The UCF-Crime dataset is a large-scale dataset of 128 hours of videos. It consists of 1900 long and untrimmed real-world surveillance videos, with 13 realistic anomalies including Abuse, Arrest, Arson, Assault, Road Accident, Burglary, Explosion, Fighting, Robbery, Shooting, Stealing, Shoplifting, and Vandalism. These anomalies are selected because they have a significant impact on public safety.
NTU RGB+D 120 is a large-scale dataset for RGB+D human action recognition, which is collected from 106 distinct subjects and contains more than 114 thousand video samples and 8 million frames. This dataset contains 120 different action classes including daily, mutual, and health-related activities.
SEED-Bench consists of 19K multiple choice questions with accurate human annotations (~6 larger than existing benchmarks), which spans 12 evaluation dimensions including the comprehension of both the image and video modality.
Cholec80 is an endoscopic video dataset containing 80 videos of cholecystectomy surgeries performed by 13 surgeons. The videos are captured at 25 fps and downsampled to 1 fps for processing. The whole dataset is labeled with the phase and tool presence annotations. The phases have been defined by a senior surgeon in Strasbourg hospital, France. Since the tools are sometimes hardly visible in the images and thus difficult to be recognized visually, a tool is defined as present in an image if at least half of the tool tip is visible.
The Replay-Attack Database for face spoofing consists of 1300 video clips of photo and video attack attempts to 50 clients, under different lighting conditions. All videos are generated by either having a (real) client trying to access a laptop through a built-in webcam or by displaying a photo or a video recording of the same client for at least 9 seconds.
Virtual KITTI is a photo-realistic synthetic video dataset designed to learn and evaluate computer vision models for several video understanding tasks: object detection and multi-object tracking, scene-level and instance-level semantic segmentation, optical flow, and depth estimation.

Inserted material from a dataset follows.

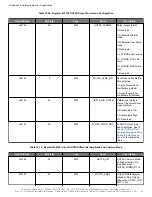 Предварительный просмотр 92 страницы Skyworks Si5386 Reference Manual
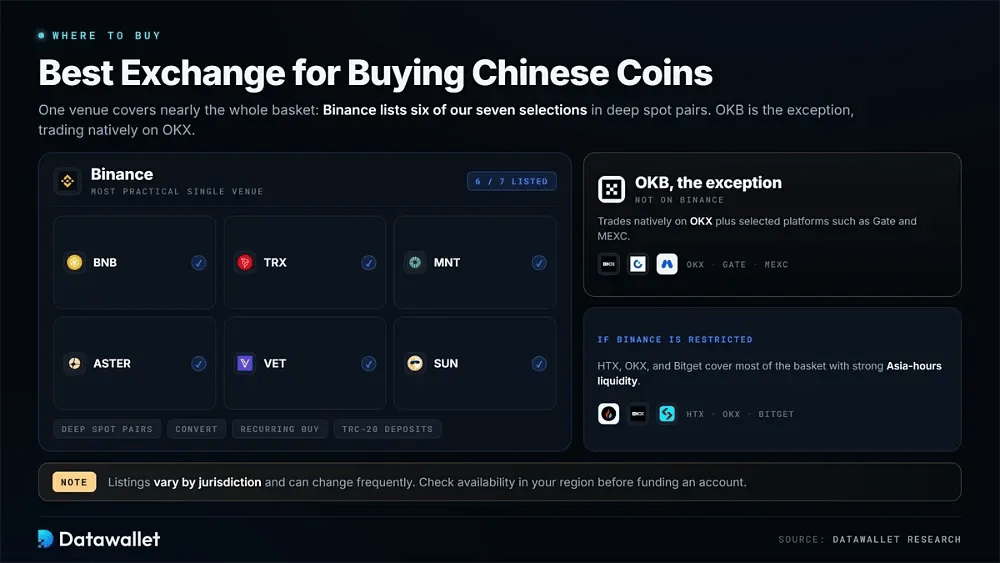 Meilleur exchange crypto pour acheter des cryptomonnaies chinoises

VOT2018 is a dataset for visual object tracking. It consists of 60 challenging videos collected from real-life datasets.
This dataset contains 118,081 short video clips extracted from 202 movies. Each video has a caption, either extracted from the movie script or from transcribed DVS (descriptive video services) for the visually impaired. The validation set contains 7408 clips and evaluation is performed on a test set of 1000 videos from movies disjoint from the training and val sets.
The Freiburg-Berkeley Motion Segmentation Dataset (FBMS-59) is an extension of the BMS dataset with 33 additional video sequences. A total of 720 frames is annotated. It has pixel-accurate segmentation annotations of moving objects. FBMS-59 comes with a split into a training set and a test set.